Paper No. 381-2
Presentation Time: 9:00 AM-6:30 PM
CONSTRAINING THE DEPTHS AT WHICH AN AZEOTROPE CONTROLS THE COMPOSITIONAL EVOLUTION OF CALCIC PLAGIOCLASE
Retention of the pseudo-azeotrope found in the pure plagioclase system only at high pressures to pressures below 1 GPa upon the addition of olivine melt components (Nekvasil et al., 2015 GRL) has important implications for the formation of anorthite in the lunar magma ocean, mid-ocean ridge basalts, and subduction zone magmas. Isobaric dynamic cooling experiments have been conducted in the olivine-plagioclase system in order to use plagioclase zoning trends to assess the pressure range over which the pseudoazeotrope exists and any change in its position in plagioclase compositional space within this pressure range. For these experiments, bulk compositions on the Ab side of the pseudo-azeotrope show normal zoning, while those on the An side show mild reverse zoning. Experimental results thus far suggest that at 0.35 GPa there is no evidence of the pseudoazeotrope at a bulk An/An+Ab ratio of 0.95 or below.
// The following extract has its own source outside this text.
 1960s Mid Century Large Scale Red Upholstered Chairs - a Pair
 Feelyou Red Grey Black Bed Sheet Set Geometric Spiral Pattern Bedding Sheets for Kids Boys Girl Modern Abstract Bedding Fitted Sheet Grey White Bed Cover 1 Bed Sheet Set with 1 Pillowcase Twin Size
However, at 0.5 GPa a pseudoazeotrope exists and lies at a bulk An/An+Ab ratio of 0.95. At 0.7 GPa, the pseudoazeotrope shifts to a bulk An/An+Ab ratio of 0.93 and at 1.0 GPa to a bulk An/An+Ab ratio of 0.90. This pressure dependence implies that anorthitic plagioclase in the lunar magma ocean crystallizing at 0.7 GPa should not show Ab-enrichment, yet anorthitic lunar magma that crystallized at shallow regions within the lunar crust would be expected to show normal Na-enrichment. These results additionally suggest that anorthite megacrysts in MORB and subduction zone magma that show mild reverse zoning(Lundstrom and Tepley, 2006 JVGR; Amma-Miyasaka and Nakagawa, 2002 JVGR) formed at depths >10km.